▶ **WORK TO BE COMPLETED**: Starting from the line with "Frozen Buffalo Tenderloin - Cooperativa" and going up to and including the line with "Ensemble de Forets de Jardin-EasyDrill", copy the listing below exactly. Leave all images out.

▶ **RECORDED DATA**:
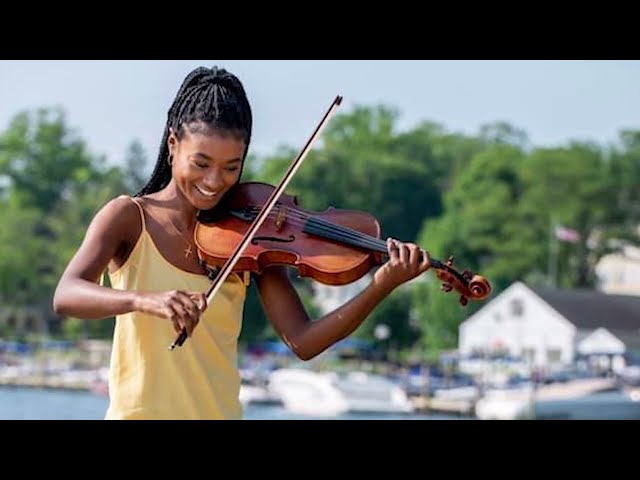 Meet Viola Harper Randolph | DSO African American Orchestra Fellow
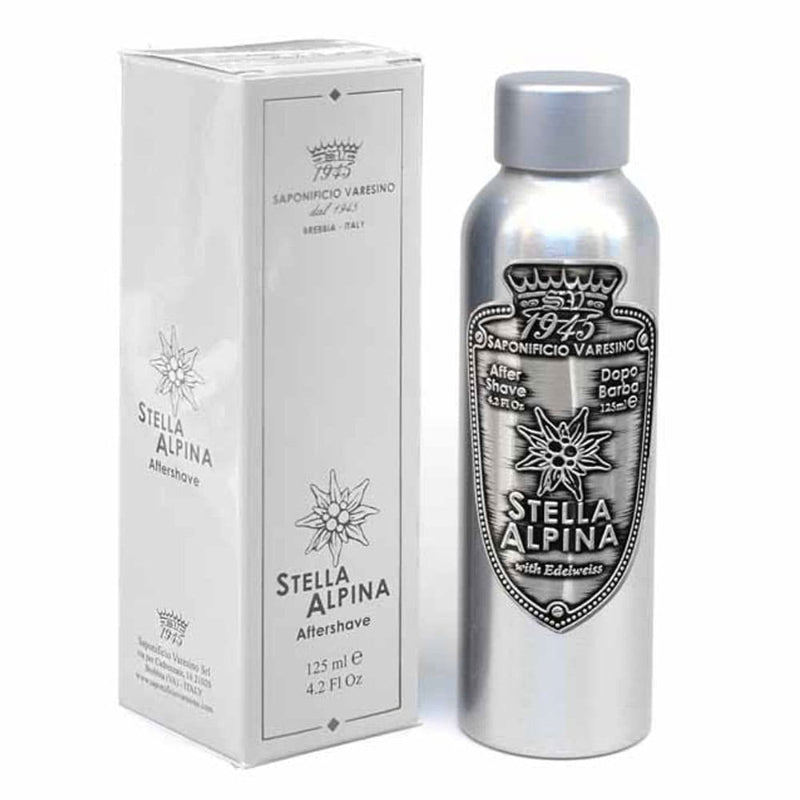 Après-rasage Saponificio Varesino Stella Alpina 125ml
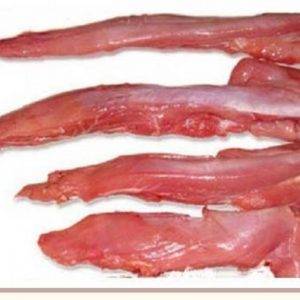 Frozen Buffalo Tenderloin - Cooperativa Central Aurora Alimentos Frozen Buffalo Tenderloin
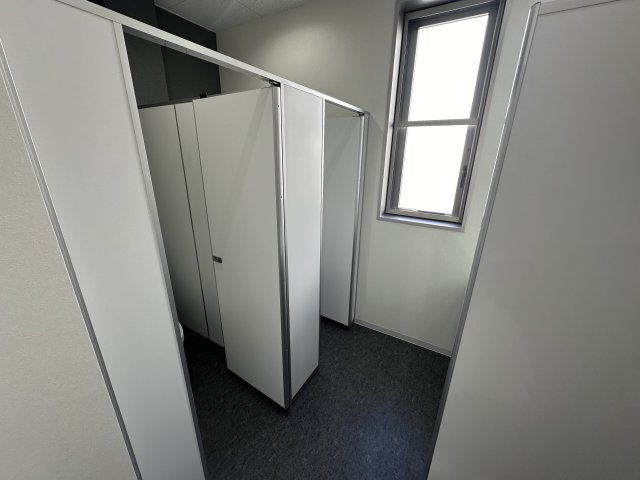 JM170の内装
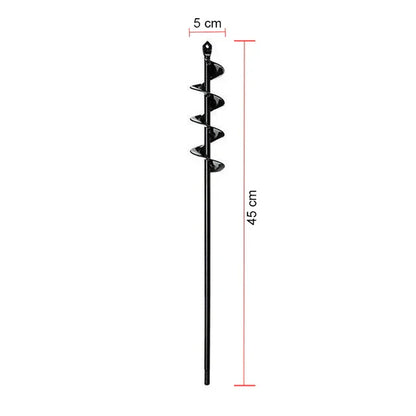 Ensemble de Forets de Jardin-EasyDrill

--

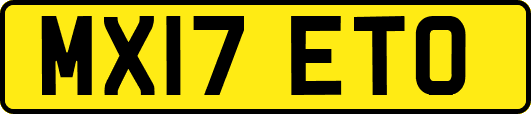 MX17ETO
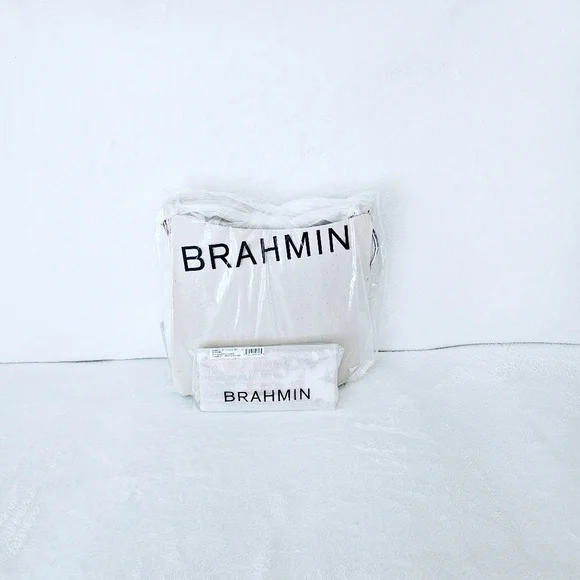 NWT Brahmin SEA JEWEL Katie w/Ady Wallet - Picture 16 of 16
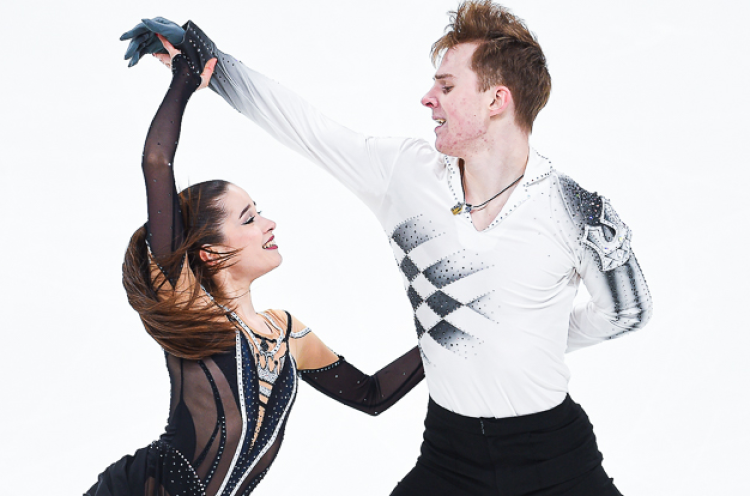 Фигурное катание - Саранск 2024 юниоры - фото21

▶ **EXPECTED OUTPUT**:
 Frozen Buffalo Tenderloin - Cooperativa Central Aurora Alimentos Frozen Buffalo Tenderloin
 JM170の内装
 Ensemble de Forets de Jardin-EasyDrill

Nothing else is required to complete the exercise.